Flour substitutions to consider:
I understand that you might want to bake these blondies with whatever flour you have on hand.
- If you want to replace the all-purpose flour with an alternative flour, consider the following substitutions:
- whole wheat flour: 190 grams (1.5 cups) whole wheat flour to make whole wheat blondies
- rye flour: 190 grams (1.5 cups) rye flour to make rye chocolate chip cookies (basically replace with the same amount)—any more rye flour makes the blondies way too chewy and don't forget rye has a very pronounced flavour, so rye blondies will taste very different and you might want to experiment with a combination of flours.
- spelt flour: 220 grams–250 grams (1.75 cups to 2 cups) spelt flour to make spelt blondies— at 250 grams of spelt flour. Use just slightly less if you prefer your blondies less chewy.
- oat flour: 220 grams–250 grams (1.75 cups to 2 cups) oat flour depending on how chewy a blondie you want (note you can also replace the chopped chocolate with raisins to make them gluten-free oat flour raisin blondies )
- buckwheat flour: 310 grams (2.5 cups) buckwheat flour to make gluten-free buckwheat chocolate chip blondies—less works, but it all depends on if you want chewy blondies (more flour) or less chewy blondies (less flour)!

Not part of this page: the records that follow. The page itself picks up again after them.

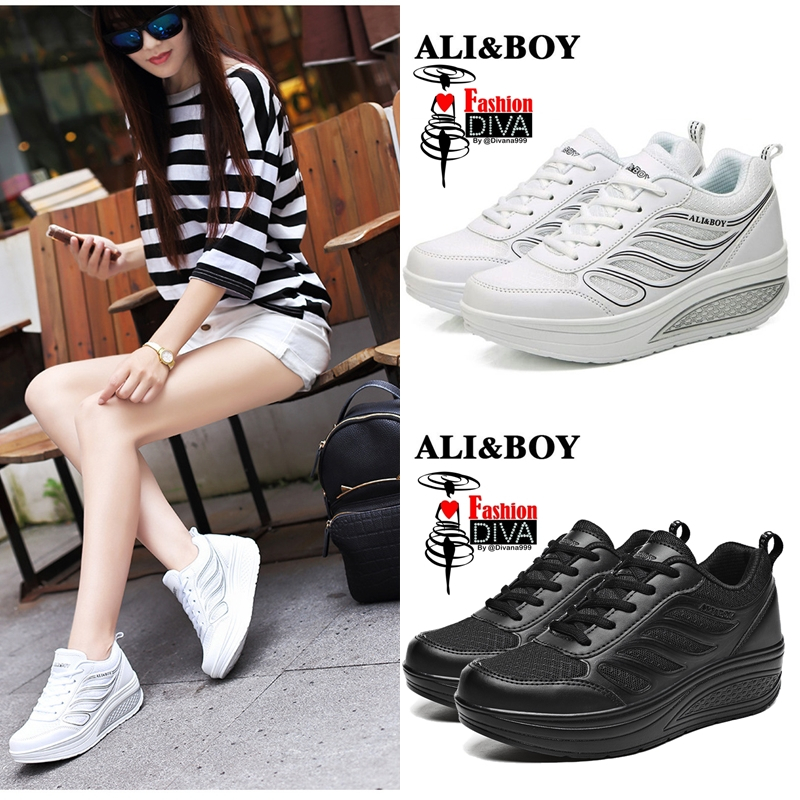 ALI&BOY รองเท้าผ้าใบผู้หญิงเพื่อสุขภาพ รุ่นปีกนางฟ้า สีพื้น ใส่นิ่ม เบาสบาย ความสูง 5 ซม. ไซส์ 36-40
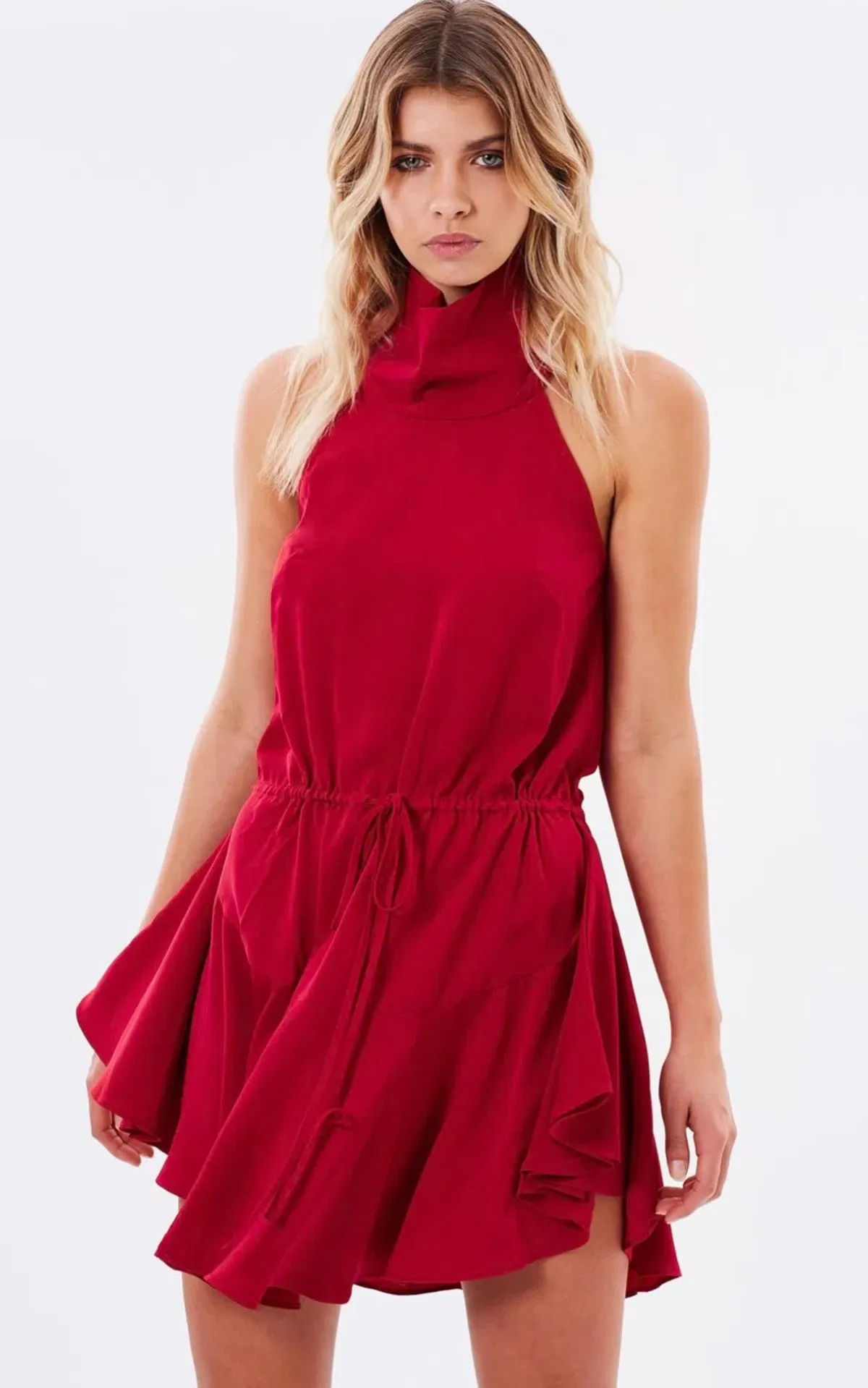 Shona Joy High Neck Mini Dress Red SIZE 8 - Image 1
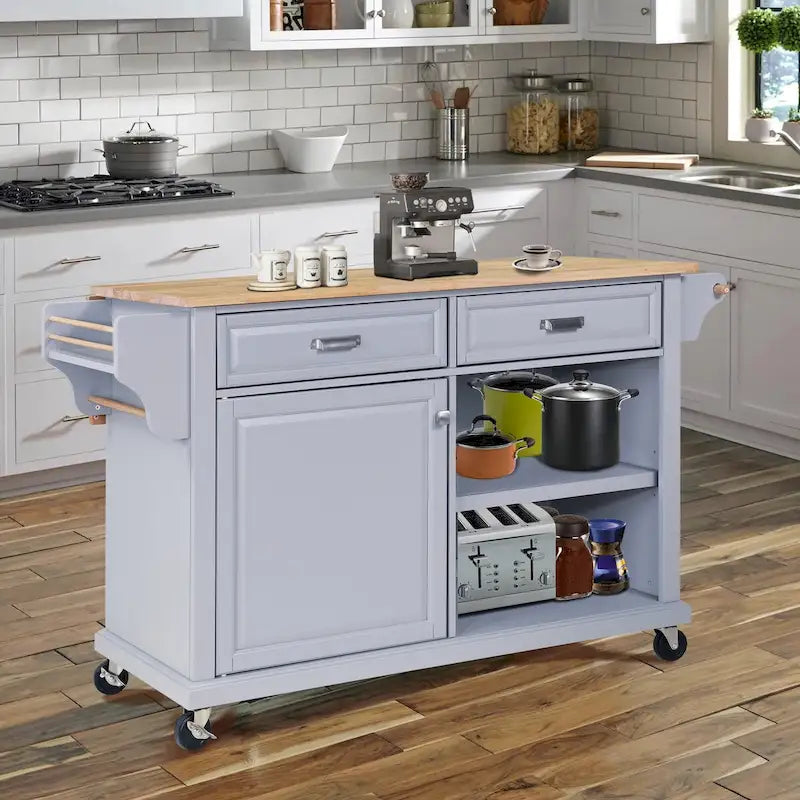 Grey Rolling Kitchen Island Cart with Natural Wood Top Drawers Cabinets and Spice Rack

Note that buckwheat flour imparts quite a grassy flavour, so you might want to experiment with a combination of flours.
- If you want to add nuts:
- when you add in the chocolate, also mix in 110 grams (1 cup) chopped nuts like pecans, walnuts, or even peanuts or pistachios.
- If you want to add seeds: when you add in the chocolate, also mix in 110 grams (1 cup) sunflower seeds or pumpkin seeds.
- If you want to add sprinkles: if you want a funfetti blondie or a "birthday cake" style blondie, mix sprinkles in with the dough. I like adding rainbow jimmies to dough.
- If you want to add peanut butter: when you cream the butter with the sugars, you can add 125 grams (½ cup) of all-natural peanut butter because the recipe below is VERY similar to this recipe for classic peanut butter cookies.
- If you want to change the chocolate: I love to make blondies with chopped dark chocolate that is preferably 70 % cocoa and not too sweet, but you can also use milk chocolate, white chocolate, or a combination of the three. Make sure you stick to the same total quantity of chocolate though. Try adding toffee bits, butterscotch chips, or even peanut butter chips for a completely different flavour.
- If you want to replace the chocolate with chopped dried fruit: you can replace the chocolate with raisins, dried cranberries, dried blueberries, dried sour cherries, chopped crystallized ginger, chopped dates, etc. Substitute cup-for-cup, or do a mixture of chocolate and dried fruit. Up to you!
- If you want to add in something crazy: take inspiration from Christina Tosi's Milk Bar compost cookie recipe and her compost pound cake and throw in some salty potato chips, chopped pretzels, coffee grinds!
- If you want to garnish: you can't go wrong with a sprinkle of flaky sea salt which will help balance out the sweetness of the dough—check out these toffee blondies that are finished with flaky sea salt.